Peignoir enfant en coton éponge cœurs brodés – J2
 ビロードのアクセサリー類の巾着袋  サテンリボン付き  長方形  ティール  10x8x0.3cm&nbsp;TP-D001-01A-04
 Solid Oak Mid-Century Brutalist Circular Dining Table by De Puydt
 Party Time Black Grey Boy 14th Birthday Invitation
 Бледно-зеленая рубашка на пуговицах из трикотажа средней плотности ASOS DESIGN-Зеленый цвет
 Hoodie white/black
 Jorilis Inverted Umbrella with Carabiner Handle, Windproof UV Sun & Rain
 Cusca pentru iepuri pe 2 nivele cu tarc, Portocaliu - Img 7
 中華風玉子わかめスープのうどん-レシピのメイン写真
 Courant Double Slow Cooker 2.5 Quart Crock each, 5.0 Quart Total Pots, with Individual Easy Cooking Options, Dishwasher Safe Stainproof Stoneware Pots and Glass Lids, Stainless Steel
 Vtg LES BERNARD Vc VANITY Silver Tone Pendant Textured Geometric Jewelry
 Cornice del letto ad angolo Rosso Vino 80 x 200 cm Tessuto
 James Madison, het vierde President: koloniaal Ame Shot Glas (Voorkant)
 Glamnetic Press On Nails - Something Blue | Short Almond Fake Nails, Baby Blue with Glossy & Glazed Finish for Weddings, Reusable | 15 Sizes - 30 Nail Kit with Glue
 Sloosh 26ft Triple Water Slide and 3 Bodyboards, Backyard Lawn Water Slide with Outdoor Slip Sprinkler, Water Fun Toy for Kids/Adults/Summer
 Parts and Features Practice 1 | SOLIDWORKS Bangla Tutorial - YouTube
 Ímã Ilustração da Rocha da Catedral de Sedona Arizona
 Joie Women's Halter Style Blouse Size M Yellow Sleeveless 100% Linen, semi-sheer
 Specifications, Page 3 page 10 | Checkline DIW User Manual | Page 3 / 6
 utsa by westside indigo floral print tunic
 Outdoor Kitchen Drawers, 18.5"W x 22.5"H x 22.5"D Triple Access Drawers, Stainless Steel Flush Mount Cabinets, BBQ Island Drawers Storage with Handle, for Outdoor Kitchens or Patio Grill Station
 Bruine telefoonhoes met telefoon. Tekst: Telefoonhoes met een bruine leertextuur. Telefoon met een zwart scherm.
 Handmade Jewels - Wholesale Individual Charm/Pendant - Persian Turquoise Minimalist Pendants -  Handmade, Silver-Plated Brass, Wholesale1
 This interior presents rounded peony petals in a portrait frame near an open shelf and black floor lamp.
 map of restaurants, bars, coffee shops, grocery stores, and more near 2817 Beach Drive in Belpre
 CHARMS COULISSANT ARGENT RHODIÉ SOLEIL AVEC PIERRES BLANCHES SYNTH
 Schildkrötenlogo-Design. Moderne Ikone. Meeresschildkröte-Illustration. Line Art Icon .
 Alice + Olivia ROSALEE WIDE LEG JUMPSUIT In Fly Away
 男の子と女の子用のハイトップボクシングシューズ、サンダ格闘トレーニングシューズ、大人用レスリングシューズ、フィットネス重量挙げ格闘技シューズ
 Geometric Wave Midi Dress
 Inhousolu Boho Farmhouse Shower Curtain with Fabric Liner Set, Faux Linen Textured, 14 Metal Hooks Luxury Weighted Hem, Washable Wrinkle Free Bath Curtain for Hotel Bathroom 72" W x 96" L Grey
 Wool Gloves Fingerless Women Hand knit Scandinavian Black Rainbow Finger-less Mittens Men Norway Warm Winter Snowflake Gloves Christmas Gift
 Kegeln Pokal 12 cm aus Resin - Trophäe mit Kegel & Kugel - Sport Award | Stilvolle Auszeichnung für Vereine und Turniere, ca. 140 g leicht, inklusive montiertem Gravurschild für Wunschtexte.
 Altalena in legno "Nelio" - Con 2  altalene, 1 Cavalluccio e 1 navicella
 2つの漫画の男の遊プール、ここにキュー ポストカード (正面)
* * * * * * * * *
* [Problem to solve]: Every line above from the line with "Cusca pentru iepuri" to the line with "Vtg LES BERNARD", inclusive, must be returned exactly; no other line belongs in the reply.

* [Final answer]:
 Cusca pentru iepuri pe 2 nivele cu tarc, Portocaliu - Img 7
 中華風玉子わかめスープのうどん-レシピのメイン写真
 Courant Double Slow Cooker 2.5 Quart Crock each, 5.0 Quart Total Pots, with Individual Easy Cooking Options, Dishwasher Safe Stainproof Stoneware Pots and Glass Lids, Stainless Steel
 Vtg LES BERNARD Vc VANITY Silver Tone Pendant Textured Geometric Jewelry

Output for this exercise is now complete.